The thread isn't about playing characters with severe cognitive impairments. If that is what you're doing, well you know what you're doing. (side note too - Those people are usually a lot 'smarter' than people give them credit for. They often get infantilized and treated as less than human and that is something we should be challenging within ourselves as well).

The thread is about how the concept of 'intelligence' as understood colloquially is a bunch of nonsense. Yes "IQ" and "G Intelligence" too.

The concept we have of intelligence in our culture is so ingrained that people take it for granted. A truism.

Multiple people have have referred to intelligence as inherent, going so far as to say it's something a person is born with. This is dangerous thinking which has been used to support eugenics (not saying that is what people meant by it when posting).

It has been pointed out that Intelligence originally in D&D was thought to correlate to the IQ scale. The IQ scale is a load of nonsense and so is D&D's original concept of intelligence. Thankfully in 5e intelligence is very narrow. Part of the point of the OP is to not draw broad conclusions of the character because of what the trait of 'intelligence' is called but to look instead at what it actually does in game.
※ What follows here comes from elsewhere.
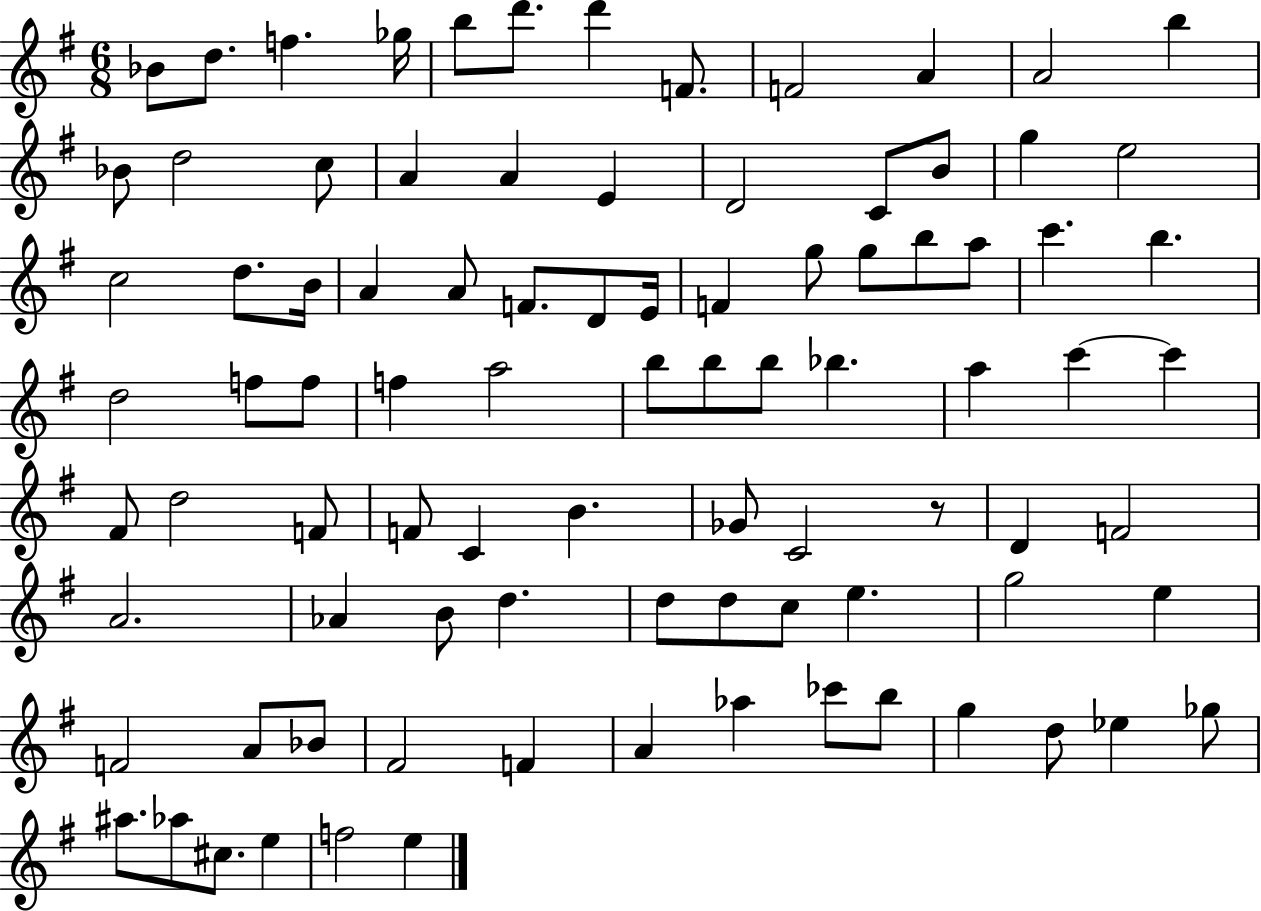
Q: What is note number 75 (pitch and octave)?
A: F4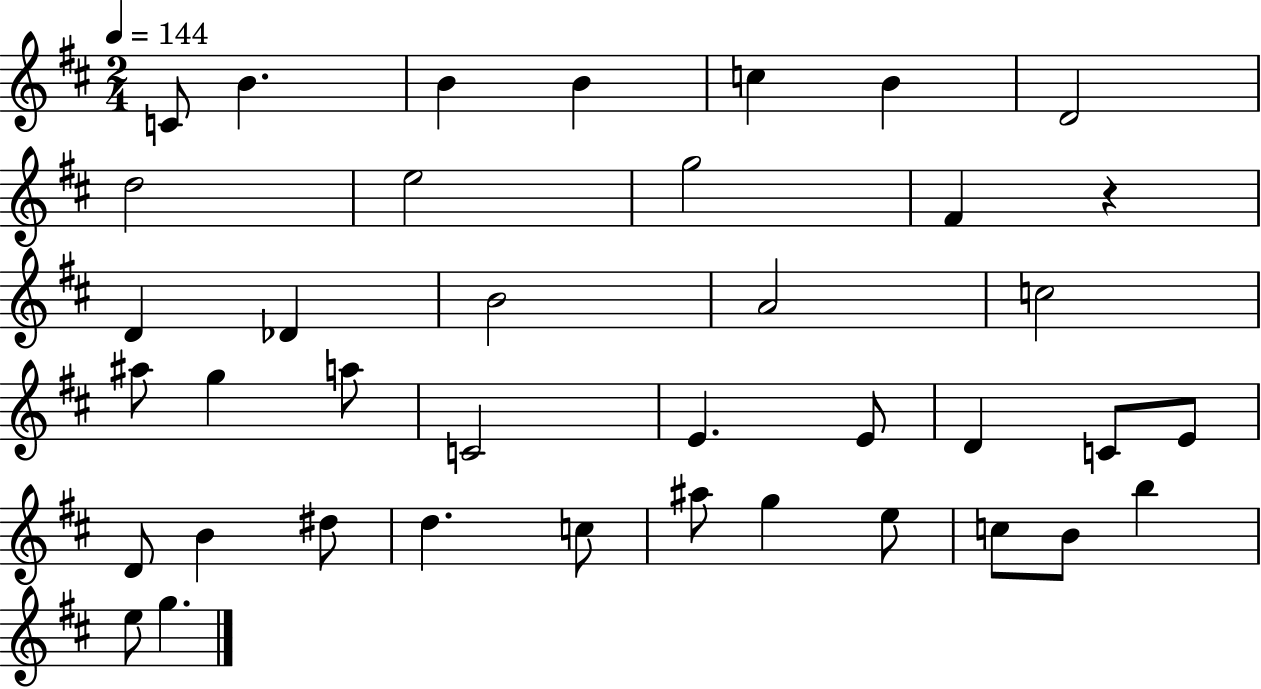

Many cognitive traits and abilities our culture values we label as intelligence and then we label those who are lacking in those traits as 'stupid'.

Even if we were to grant that what our culture values is inherently good and right and we call some of that intelligence it still isn't correct to say it is inherent. There are countless factors both internal and external that are going to change, sometimes drastically, how intelligent a person is perceived to be.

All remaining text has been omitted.